Task material: Begin

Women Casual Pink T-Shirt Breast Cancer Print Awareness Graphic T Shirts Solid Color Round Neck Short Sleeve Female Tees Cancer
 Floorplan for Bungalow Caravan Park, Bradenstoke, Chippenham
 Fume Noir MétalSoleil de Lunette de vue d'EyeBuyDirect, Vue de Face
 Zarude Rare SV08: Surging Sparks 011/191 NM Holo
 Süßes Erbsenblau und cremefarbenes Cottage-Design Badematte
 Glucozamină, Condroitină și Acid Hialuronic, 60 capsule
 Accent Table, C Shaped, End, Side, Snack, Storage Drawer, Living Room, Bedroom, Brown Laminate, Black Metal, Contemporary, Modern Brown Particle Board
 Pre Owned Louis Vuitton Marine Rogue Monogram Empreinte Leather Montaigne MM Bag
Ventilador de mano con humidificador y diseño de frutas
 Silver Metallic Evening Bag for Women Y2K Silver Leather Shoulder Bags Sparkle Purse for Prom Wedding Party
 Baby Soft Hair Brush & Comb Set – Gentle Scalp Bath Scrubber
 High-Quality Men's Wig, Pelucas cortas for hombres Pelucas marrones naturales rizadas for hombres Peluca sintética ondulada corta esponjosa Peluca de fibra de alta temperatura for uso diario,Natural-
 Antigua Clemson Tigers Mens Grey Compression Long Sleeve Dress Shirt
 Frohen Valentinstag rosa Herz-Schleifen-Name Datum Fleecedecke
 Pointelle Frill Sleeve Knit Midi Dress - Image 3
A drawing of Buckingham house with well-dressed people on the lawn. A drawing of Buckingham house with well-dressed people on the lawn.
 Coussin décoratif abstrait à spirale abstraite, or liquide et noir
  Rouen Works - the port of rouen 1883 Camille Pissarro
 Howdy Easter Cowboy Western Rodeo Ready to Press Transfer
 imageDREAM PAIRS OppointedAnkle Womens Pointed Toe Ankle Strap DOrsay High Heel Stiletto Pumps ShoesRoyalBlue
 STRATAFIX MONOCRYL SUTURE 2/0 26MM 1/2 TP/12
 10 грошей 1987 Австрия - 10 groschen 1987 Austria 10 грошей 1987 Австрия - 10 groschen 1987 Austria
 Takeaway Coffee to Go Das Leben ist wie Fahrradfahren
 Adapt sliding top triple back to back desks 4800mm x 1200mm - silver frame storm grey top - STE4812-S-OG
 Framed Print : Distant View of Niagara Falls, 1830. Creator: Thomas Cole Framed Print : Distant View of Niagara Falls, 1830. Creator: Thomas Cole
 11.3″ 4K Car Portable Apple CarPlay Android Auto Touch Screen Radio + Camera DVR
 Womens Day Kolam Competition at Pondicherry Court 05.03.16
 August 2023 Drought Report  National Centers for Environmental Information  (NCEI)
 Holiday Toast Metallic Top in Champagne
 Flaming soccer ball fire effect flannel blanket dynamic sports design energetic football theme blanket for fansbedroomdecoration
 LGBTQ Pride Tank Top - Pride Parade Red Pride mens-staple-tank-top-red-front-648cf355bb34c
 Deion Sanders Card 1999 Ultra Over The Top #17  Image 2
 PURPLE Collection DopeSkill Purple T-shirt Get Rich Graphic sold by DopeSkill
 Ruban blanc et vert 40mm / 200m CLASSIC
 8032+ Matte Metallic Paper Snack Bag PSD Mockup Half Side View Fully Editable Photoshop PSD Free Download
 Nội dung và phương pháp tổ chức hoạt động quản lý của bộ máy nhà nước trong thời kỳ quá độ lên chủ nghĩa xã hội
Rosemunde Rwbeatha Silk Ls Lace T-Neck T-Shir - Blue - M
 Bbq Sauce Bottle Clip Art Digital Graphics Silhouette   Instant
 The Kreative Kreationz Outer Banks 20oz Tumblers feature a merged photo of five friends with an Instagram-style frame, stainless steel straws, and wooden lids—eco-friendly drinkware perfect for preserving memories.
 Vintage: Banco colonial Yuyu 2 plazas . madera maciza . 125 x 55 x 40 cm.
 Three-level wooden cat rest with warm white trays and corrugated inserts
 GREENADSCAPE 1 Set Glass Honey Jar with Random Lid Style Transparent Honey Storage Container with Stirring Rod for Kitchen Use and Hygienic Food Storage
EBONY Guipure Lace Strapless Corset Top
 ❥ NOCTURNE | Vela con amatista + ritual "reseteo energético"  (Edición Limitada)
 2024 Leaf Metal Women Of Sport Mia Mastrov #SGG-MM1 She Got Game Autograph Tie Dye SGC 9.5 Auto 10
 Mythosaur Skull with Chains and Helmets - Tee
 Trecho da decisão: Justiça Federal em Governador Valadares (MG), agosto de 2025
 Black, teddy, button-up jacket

Task material: End

— Problem statement —
Count the lines in the records that include the word "Womens". Report the total alone.

— Written response —
2